[WHAT IS EXPECTED] The records below are to be restated word for word; their pictures are not.

[DATASET EXTRACT]

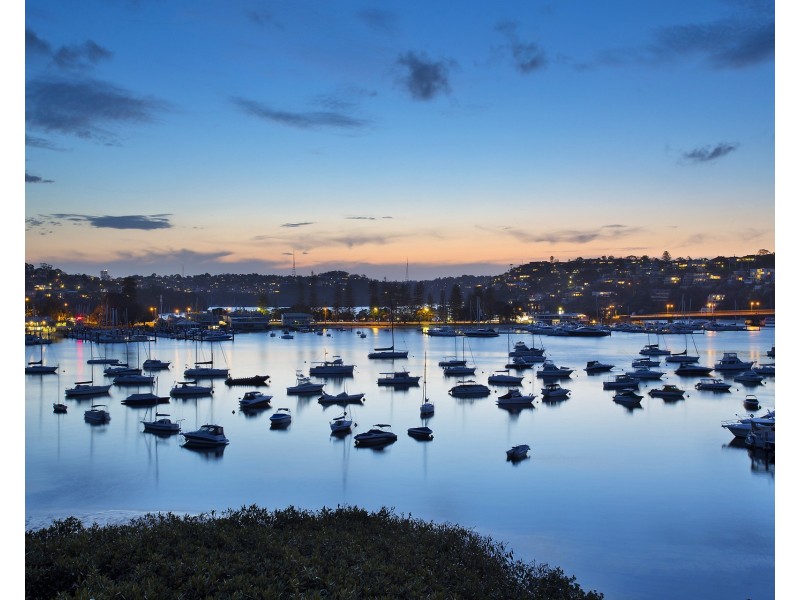 5 Peronne Avenue, Clontarf NSW 2093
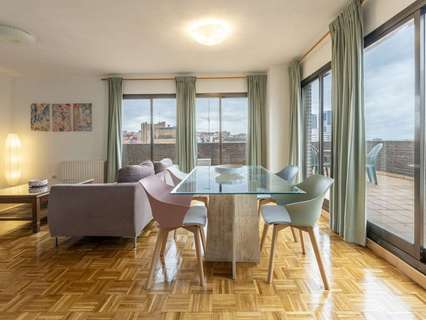 Estudio en alquiler en Madrid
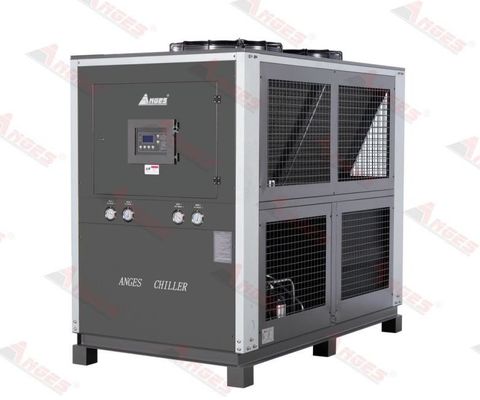 खरीदें 30टन एयर कूल्ड स्क्रॉल पोर्टेबल वॉटर Ch 30hp किण्वन टैंक online manufacture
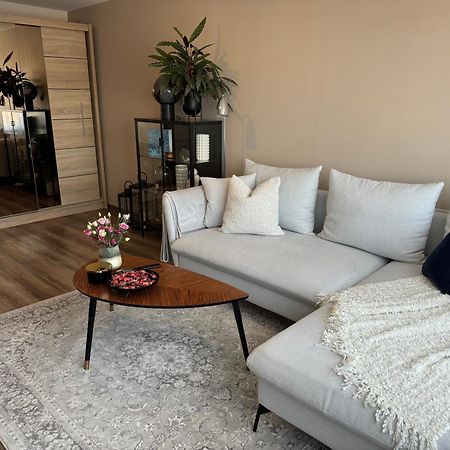 City Chic Rental Валмиера Экстерьер фото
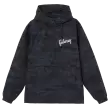 Gibson - Dark Camo Windbreaker - Small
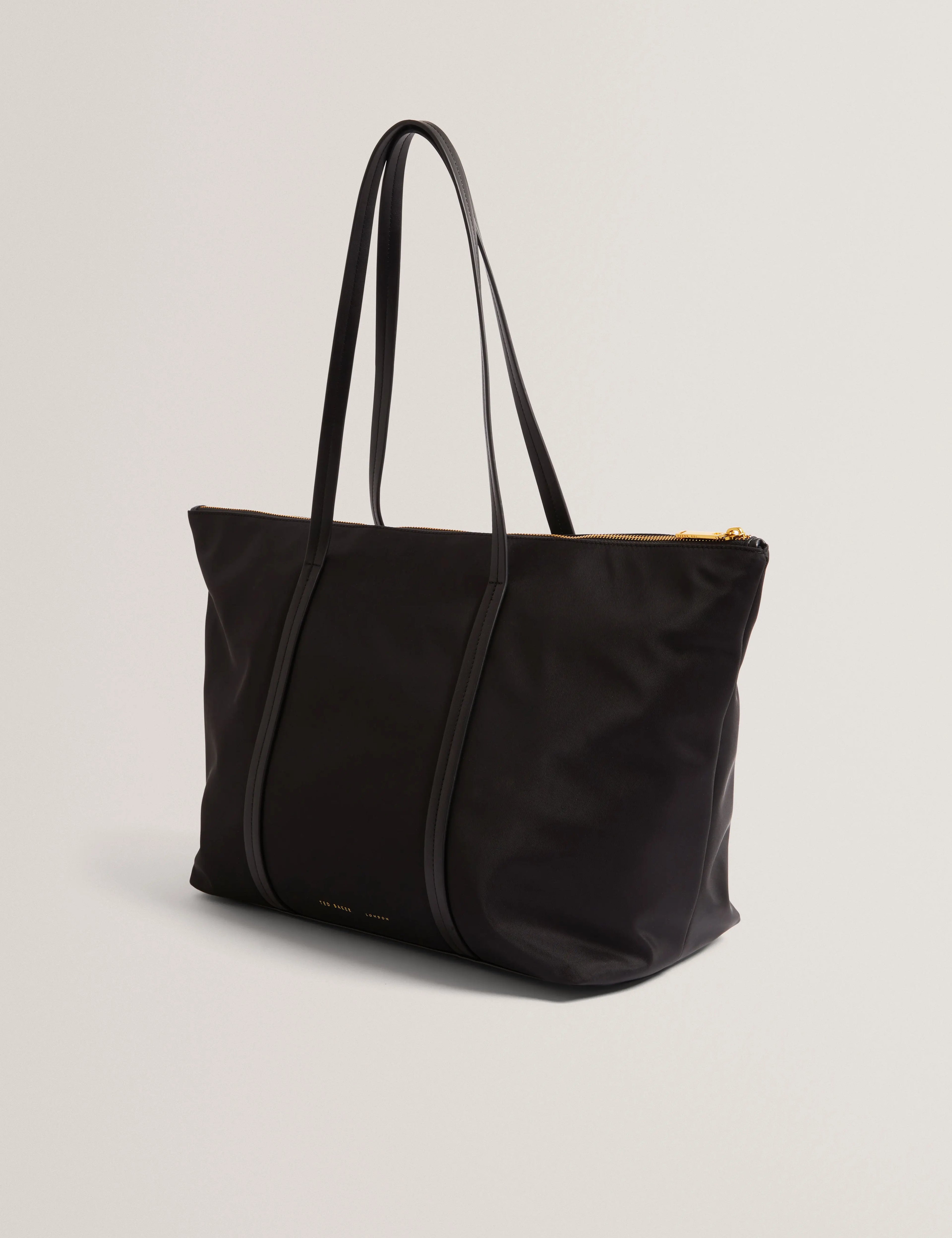 NYCOLE: Nylon Large Tote Bag - Bellabags Ted Baker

[EXERCISE ANSWER]
 5 Peronne Avenue, Clontarf NSW 2093
 Estudio en alquiler en Madrid
 खरीदें 30टन एयर कूल्ड स्क्रॉल पोर्टेबल वॉटर Ch 30hp किण्वन टैंक online manufacture
 City Chic Rental Валмиера Экстерьер фото
 Gibson - Dark Camo Windbreaker - Small
 NYCOLE: Nylon Large Tote Bag - Bellabags Ted Baker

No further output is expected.